### Supplied records
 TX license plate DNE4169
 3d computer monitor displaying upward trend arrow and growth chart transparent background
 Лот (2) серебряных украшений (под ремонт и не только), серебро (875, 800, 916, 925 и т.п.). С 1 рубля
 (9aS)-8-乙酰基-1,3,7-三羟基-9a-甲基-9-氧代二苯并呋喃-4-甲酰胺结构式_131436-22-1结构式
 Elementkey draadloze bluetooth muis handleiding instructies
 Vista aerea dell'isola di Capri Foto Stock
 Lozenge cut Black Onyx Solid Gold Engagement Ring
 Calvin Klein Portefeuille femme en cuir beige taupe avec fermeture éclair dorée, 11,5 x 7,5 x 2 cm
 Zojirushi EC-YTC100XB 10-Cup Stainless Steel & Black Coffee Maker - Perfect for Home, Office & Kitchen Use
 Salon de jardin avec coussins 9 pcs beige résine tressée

### Assignment
Copying begins at the line that holds "Vista aerea dell'isola di Capri Foto Stock" and ends at the last line of the data above, with both included and each line kept exactly.

### Written response
 Vista aerea dell'isola di Capri Foto Stock
 Lozenge cut Black Onyx Solid Gold Engagement Ring
 Calvin Klein Portefeuille femme en cuir beige taupe avec fermeture éclair dorée, 11,5 x 7,5 x 2 cm
 Zojirushi EC-YTC100XB 10-Cup Stainless Steel & Black Coffee Maker - Perfect for Home, Office & Kitchen Use
 Salon de jardin avec coussins 9 pcs beige résine tressée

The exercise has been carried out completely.